Starting msrp listed lowest to highest price

Wondering which trim is right for you?

Our 2021 Jaguar F-TYPE trim comparison will help you decide.

See also: Find the best Coupes for 2023

Notable features

  • Two-seat luxury sports coupe or convertible
  • Four-, six- or eight-cylinder engine
  • Eight-speed automatic transmission
  • Rear- or all-wheel drive
  • New digital instrument cluster

2021 Jaguar F-TYPE review: Our expert's take

By Aaron Bragman

The verdict: Jaguar’s updated 2021 F-Type R is even better-looking than before, and it delivers a winning mix of luxurious comfort, sports car performance and knockout style.

Versus the competition: It’s less expensive but no less capable than rivals like the Porsche 911 and Mercedes-AMG GT, and it maintains its own traditional feline styling; the new Chevrolet Corvette, however poses a value and performance challenge to the Jaguar — as it does to every other sports car on the market.

Ask any auto enthusiast what the best all-around sports car in the world is, and there’s a good chance you’ll hear the Porsche 911. For decades, the 911 has been the global benchmark for enthusiasts looking for a precision driving experience. But what do you buy if you’re looking for a sports car that’s a little different than that, one that’s still rewarding but maybe has a bit more passion to its styling, a bit more rarity to its presence, one you don’t see a dozen of at track days?

Might I suggest the 2021 Jaguar F-Type? It ticks all the boxes a 911 does — rear- or all-wheel drive, two doors, two seats, coupe or convertible, powerful engine — and throws in something the 911 has typically left as an afterthought: an absolutely gorgeous body. For 2021, Jaguar has updated that body and a few other notable features, so we took one for a weeklong spin to see if the F-Type really is a suitable alternative to the comparatively ubiquitous Porsche 911.

Related: 2021 Jaguar F-Type Video: A Cat Changes Its Stripes (a Little)

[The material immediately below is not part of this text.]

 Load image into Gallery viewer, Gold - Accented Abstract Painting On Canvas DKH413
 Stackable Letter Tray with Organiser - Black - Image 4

Despite the fact that the Jaguar brand isn’t one of the higher-selling nameplates in the world of luxury automobiles, it still commands a certain respect and cachet. Its historical mystique is powerful, allowing the brand to draw on decades of racing success, style leadership, technological innovation and a reputation for “glamour.” That’s why people will mob you when you show up anywhere in a Sorrento Yellow Ultra Metallic F-Type R coupe like the one I drove, whether you’re rumbling your way into a gas station, a drive-thru window or your local cars ‘n’ coffee gathering. And why wouldn’t they? There’s a lot in this new F-Type to love, and it all starts with that sensuous bodywork.

Few Cars Look Sexier

It looks a little different for 2021: Jaguar has redone the front end to give it a lower, wider, more horizontal look. Gone are the tall headlights stretching up into the fenders, replaced by slim cat-eye lenses that bring the F-Type more in line with the styling of Jaguar’s sedans. The sculpted fenders are still present, as are the muscular rear haunches evoking the whole feline image of the F-Type, first started when the stunning Jaguar E-Type appeared on the market nearly 60 years ago. New taillights adorn the rear, featuring the LED “chicane” signature Jaguar uses on the I-Pace electric car. The new headlights and grille, combined with a curvaceous rear, looks for all the world like the new Ferrari Roma — so if the valet brings you the wrong car after dinner at your fancy local steakhouse, you’ll know why.

Maybe it was the searing yellow paint, but my week in the F-Type turned far more heads than the last Porsche 911 I drove. Perhaps the Porsche’s relative styling anonymity appeals more to those looking to please themselves, while the Jag’s buyer places as much emphasis on style as substance.

Keep It in R Mode

But what kind of substance is the F-Type packing? There’s a selection of powertrains to choose among, ranging from a spunky 296-horsepower, turbocharged four-cylinder and 380-hp, supercharged V-6 to what powers the R: a 575-hp, supercharged 5.0-liter V-8. It’s mated to a standard eight-speed automatic transmission that powers all four wheels; all-wheel drive is standard on all models except the four-cylinder. The R trim I tested brought all sorts of hopped-up parts to the party in addition to that bigger engine that now makes 25 more hp and 14 more pounds-feet of torque than it did for 2020. 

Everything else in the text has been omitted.